··· Record extracts

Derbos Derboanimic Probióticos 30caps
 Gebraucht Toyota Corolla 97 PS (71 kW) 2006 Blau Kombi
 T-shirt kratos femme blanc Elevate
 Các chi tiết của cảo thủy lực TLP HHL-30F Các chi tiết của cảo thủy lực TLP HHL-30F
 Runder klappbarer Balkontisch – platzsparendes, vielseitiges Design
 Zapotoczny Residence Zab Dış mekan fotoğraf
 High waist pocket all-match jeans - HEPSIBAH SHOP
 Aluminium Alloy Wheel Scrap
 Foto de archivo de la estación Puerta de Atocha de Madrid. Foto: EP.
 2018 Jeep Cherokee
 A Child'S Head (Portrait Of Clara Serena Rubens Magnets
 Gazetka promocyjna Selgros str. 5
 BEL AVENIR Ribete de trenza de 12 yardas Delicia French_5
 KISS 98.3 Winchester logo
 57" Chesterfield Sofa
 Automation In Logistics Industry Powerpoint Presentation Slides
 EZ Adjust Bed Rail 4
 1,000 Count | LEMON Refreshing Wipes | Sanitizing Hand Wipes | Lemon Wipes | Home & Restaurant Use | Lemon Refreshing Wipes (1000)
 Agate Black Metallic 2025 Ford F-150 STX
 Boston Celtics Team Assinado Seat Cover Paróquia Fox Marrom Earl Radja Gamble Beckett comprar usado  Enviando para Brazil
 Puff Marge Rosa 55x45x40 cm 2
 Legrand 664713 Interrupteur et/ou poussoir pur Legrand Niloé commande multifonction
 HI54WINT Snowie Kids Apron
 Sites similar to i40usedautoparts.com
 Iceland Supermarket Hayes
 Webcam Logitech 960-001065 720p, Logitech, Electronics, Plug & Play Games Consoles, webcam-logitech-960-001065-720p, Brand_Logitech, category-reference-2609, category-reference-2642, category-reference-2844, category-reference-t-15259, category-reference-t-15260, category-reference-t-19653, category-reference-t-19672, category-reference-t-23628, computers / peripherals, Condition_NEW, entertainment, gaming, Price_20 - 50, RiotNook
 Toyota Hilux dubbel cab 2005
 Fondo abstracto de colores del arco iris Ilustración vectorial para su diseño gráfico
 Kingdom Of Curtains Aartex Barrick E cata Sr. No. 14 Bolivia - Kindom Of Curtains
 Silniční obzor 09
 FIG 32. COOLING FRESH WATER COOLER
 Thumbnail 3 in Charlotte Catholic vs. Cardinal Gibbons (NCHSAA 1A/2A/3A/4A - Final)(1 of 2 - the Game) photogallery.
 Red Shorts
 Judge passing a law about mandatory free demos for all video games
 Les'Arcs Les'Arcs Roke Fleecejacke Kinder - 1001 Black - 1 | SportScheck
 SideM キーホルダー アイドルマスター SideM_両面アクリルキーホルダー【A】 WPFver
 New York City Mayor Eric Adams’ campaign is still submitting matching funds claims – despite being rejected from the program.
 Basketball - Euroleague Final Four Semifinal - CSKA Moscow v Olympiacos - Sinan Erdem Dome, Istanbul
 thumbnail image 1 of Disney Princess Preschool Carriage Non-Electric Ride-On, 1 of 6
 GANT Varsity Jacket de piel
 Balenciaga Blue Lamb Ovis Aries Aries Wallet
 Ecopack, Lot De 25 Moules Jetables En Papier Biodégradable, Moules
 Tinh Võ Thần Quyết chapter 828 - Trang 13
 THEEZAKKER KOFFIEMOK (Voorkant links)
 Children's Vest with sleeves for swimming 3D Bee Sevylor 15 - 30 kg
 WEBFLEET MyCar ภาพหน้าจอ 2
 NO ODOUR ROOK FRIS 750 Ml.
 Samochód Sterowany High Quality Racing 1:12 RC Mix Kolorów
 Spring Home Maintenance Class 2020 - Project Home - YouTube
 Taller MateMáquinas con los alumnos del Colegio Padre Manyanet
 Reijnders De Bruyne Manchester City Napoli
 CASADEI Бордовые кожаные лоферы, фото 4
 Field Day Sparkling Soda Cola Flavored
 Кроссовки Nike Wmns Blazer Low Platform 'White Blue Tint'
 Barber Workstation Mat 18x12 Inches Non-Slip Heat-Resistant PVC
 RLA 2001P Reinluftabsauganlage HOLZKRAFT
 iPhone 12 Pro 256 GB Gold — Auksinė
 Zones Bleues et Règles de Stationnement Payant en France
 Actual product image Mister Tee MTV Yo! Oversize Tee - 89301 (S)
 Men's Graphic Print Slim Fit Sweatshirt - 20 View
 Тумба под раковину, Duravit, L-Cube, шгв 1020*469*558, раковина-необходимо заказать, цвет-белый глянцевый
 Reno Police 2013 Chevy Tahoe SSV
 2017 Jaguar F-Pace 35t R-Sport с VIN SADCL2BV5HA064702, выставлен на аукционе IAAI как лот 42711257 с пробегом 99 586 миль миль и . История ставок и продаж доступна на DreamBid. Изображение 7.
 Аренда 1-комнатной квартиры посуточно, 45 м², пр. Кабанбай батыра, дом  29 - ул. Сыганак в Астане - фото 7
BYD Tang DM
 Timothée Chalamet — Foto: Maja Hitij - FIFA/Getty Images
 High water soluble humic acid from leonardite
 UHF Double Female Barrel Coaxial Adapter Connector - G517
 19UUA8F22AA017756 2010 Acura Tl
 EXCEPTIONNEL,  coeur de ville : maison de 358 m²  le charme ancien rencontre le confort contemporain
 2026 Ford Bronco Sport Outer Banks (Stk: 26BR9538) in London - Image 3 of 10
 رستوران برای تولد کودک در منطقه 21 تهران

······

For the word "Ford", go through the records and show each line that carries it.

 Agate Black Metallic 2025 Ford F-150 STX
 2026 Ford Bronco Sport Outer Banks (Stk: 26BR9538) in London - Image 3 of 10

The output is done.